DATA:
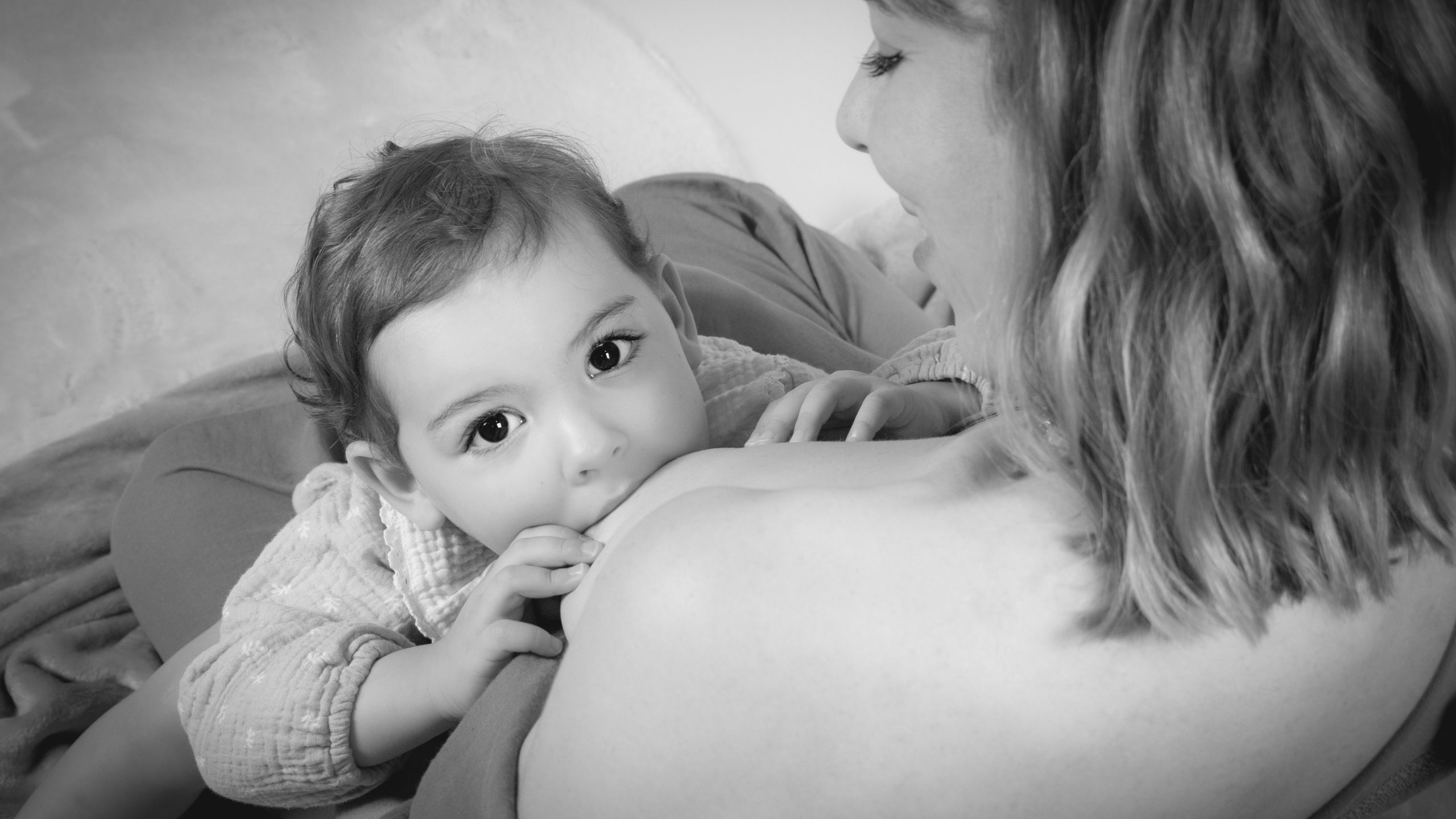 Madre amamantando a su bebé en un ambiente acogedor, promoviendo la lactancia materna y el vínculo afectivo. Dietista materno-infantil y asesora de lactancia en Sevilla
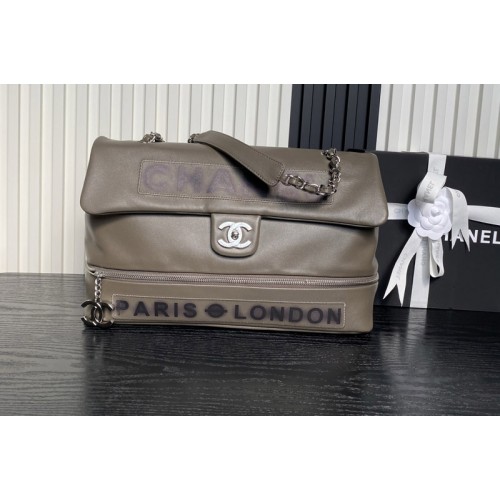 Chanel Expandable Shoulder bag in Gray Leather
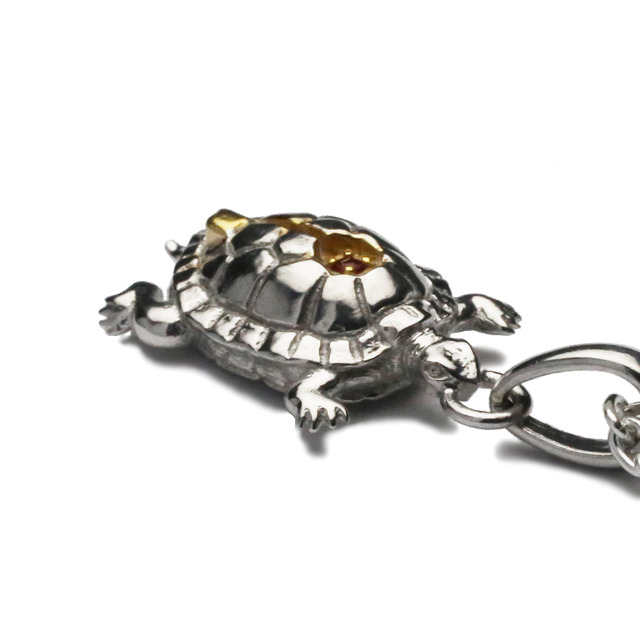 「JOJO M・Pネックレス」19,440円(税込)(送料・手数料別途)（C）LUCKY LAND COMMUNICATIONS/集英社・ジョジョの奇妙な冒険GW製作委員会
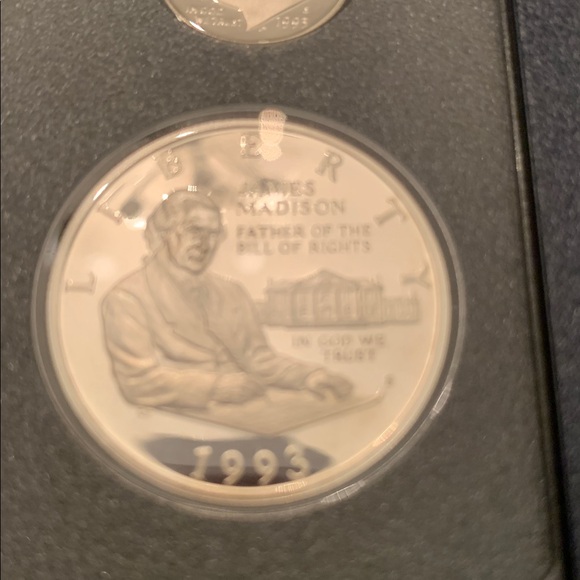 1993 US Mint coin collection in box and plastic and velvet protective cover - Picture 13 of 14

WHAT TO DO: Could you reproduce the data above exactly, without its pictures?

SOLUTION FOR THIS PROBLEM:
 Madre amamantando a su bebé en un ambiente acogedor, promoviendo la lactancia materna y el vínculo afectivo. Dietista materno-infantil y asesora de lactancia en Sevilla
 Chanel Expandable Shoulder bag in Gray Leather
 「JOJO M・Pネックレス」19,440円(税込)(送料・手数料別途)（C）LUCKY LAND COMMUNICATIONS/集英社・ジョジョの奇妙な冒険GW製作委員会
 1993 US Mint coin collection in box and plastic and velvet protective cover - Picture 13 of 14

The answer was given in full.